Em outras palavras, entendo que estamos às voltas com discussões já bem conhecidas, sobre a relação entre homem e técnica, ética e ciência, reprodução e criação, artificialidade e autenticidade. Dizer que tais debates são antigos não significa afirmar que eles são os mesmos, que estão postos da mesma forma, tanto quanto nas primeiras décadas do século XX. Talvez possamos dizer que, desde Benjamin, oscilamos – ora apocalípticos, ora integrados (Eco, 2008) – entre posições francamente humanistas e outras radicalmente críticas, quanto ao que fazemos de nossas relações com as tecnologias audiovisuais e digitais, e seus respectivos produtos e práticas diárias. Mas também essas oscilações se apresentam, a cada vez, de um modo distinto.

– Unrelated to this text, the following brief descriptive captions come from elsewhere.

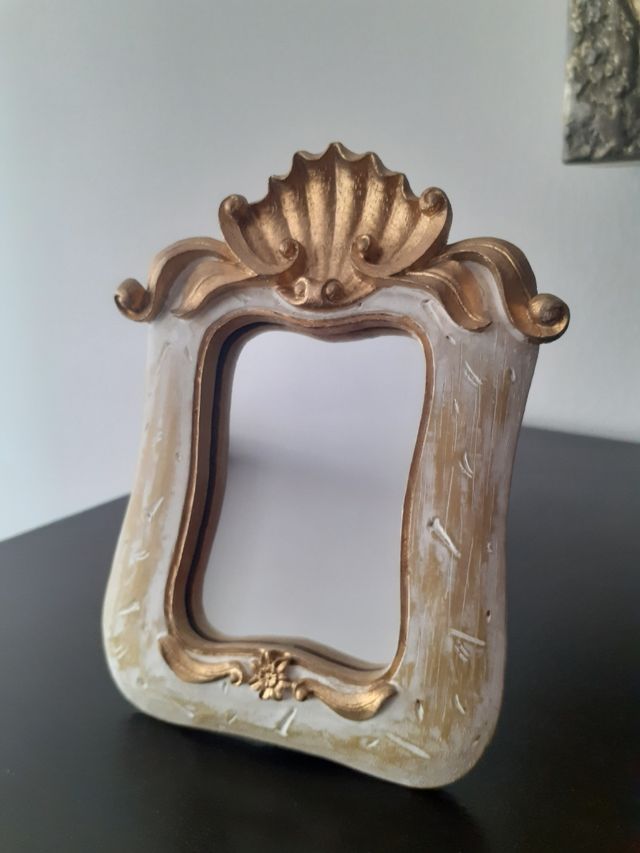 Espejo dorado y blanco pequeño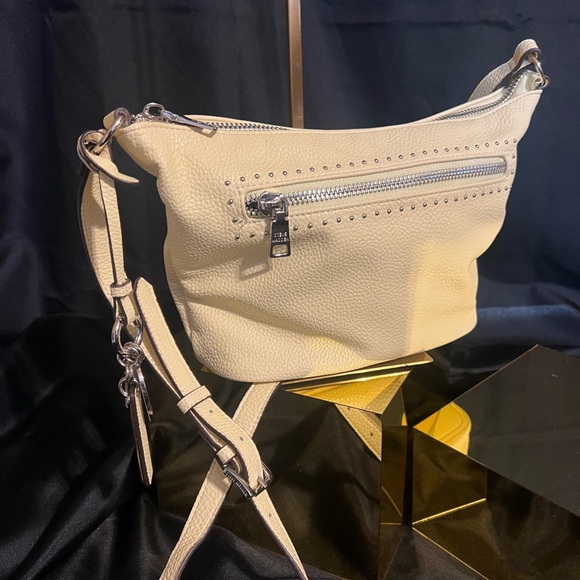 Steve Madden Beige Crossbody in Pastel Yellow with Silver Accents - Picture 12 of 15
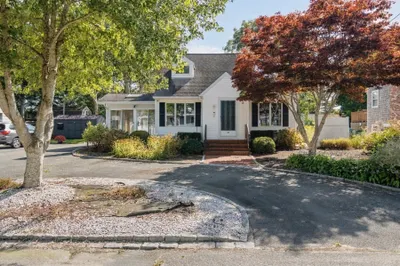 67 Ellsworth Dr 1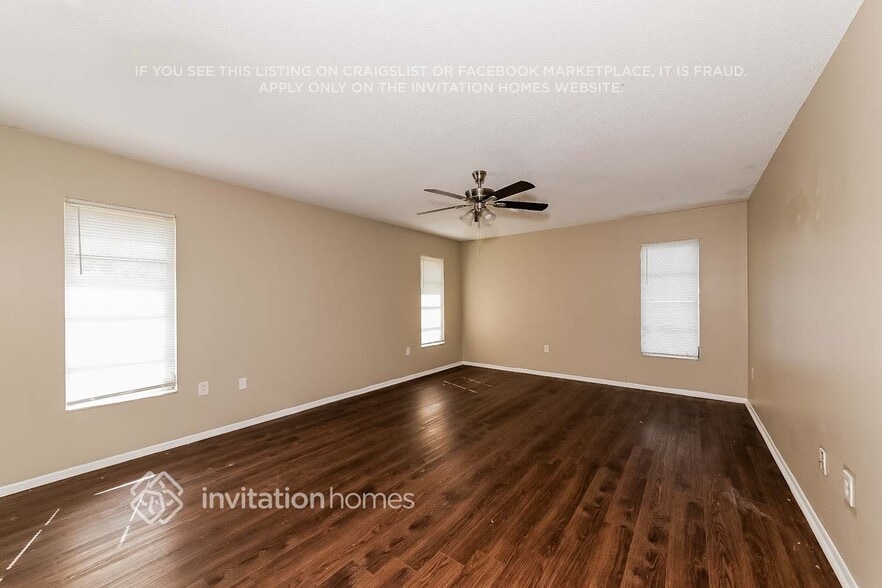 Building Photo - 8900 Phyliss Ave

Podemos destacar, por exemplo, pensadores como Gilbert Simondon (2007), que faz questionamentos a certo humanismo romântico, presente nas diferentes críticas à técnica e na defesa de uma filosofia centrada num ser humano supostamente despojado de suas relações com a natureza e seu próprio fazer – ou seja, despojado de sua "existência técnica" (Rodríguez, 2007). Simodon realiza uma análise das oscilações que referimos anteriormente, usando uma metodologia que podemos aproximar da perspectiva foucaultiana, na medida em que faz uma espécie de genealogia das relações entre homem e técnica e as respectivas posições discursivas, assumidas em diferentes épocas e por distintos pensadores, sem buscar para isso sua "verdadeira origem" (cf. Foucault, 2008).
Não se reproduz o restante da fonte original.